ABOUT THIS EXERCISE.
Quote the listing in full, exactly as given, minus any pictures.

DATA BELOW.

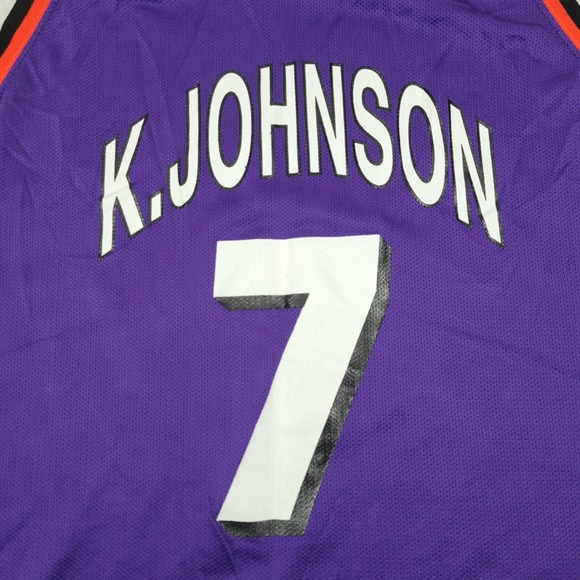 Vintage Phoenix Suns #7 Kevin Johnson Champion Basketball Jersey Mens 44 Large L - Picture 1 of 9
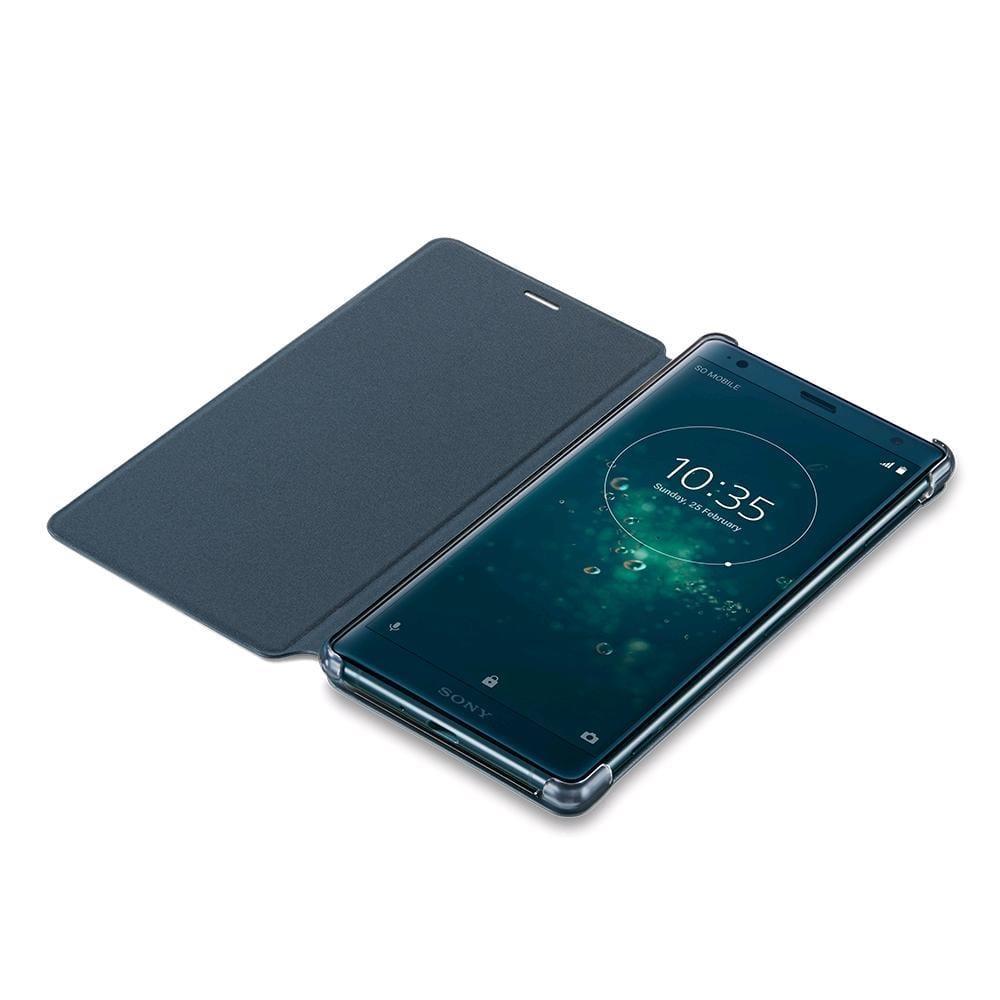 sony style cover touch for xperia xz2 green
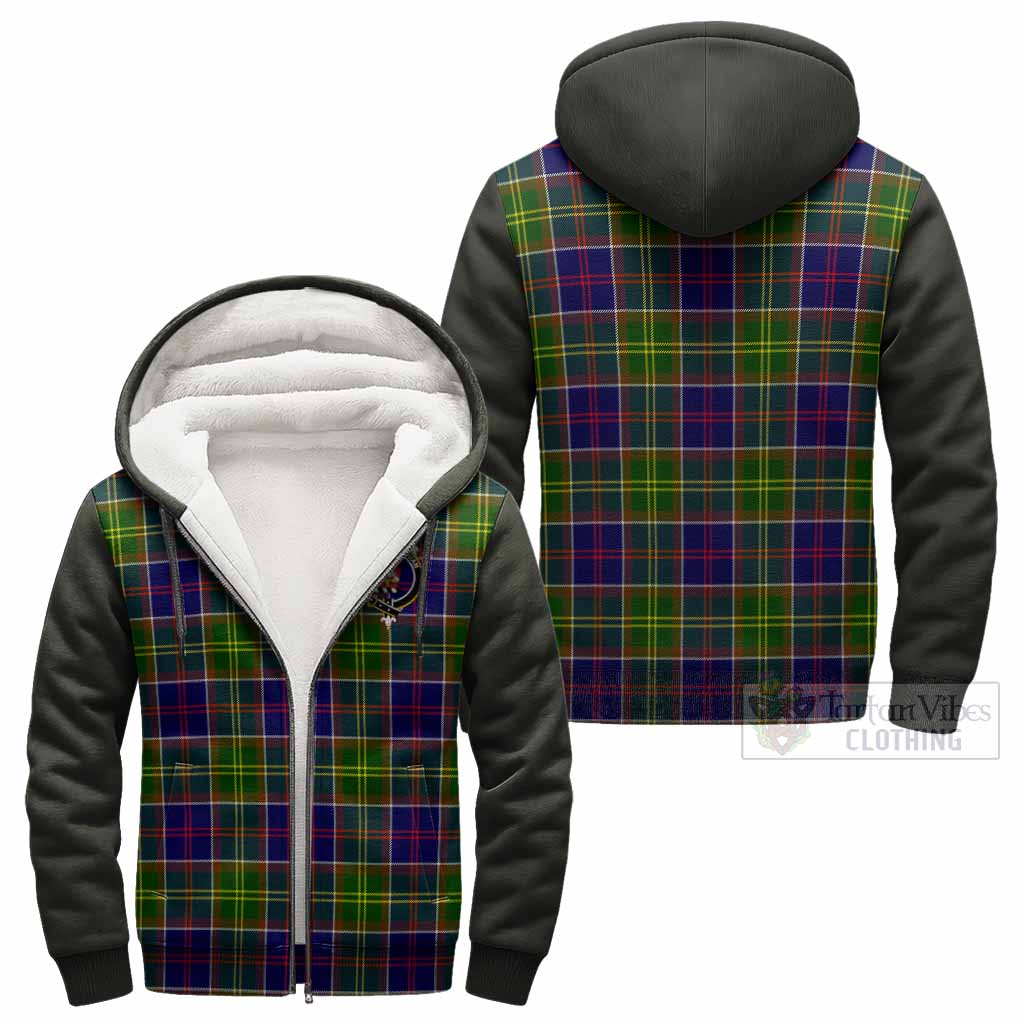 Whitefoord Tartan Accent Sherpa Hoodie with Family Crest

SOLUTION FOR THIS EXERCISE.
 Vintage Phoenix Suns #7 Kevin Johnson Champion Basketball Jersey Mens 44 Large L - Picture 1 of 9
 sony style cover touch for xperia xz2 green
 Whitefoord Tartan Accent Sherpa Hoodie with Family Crest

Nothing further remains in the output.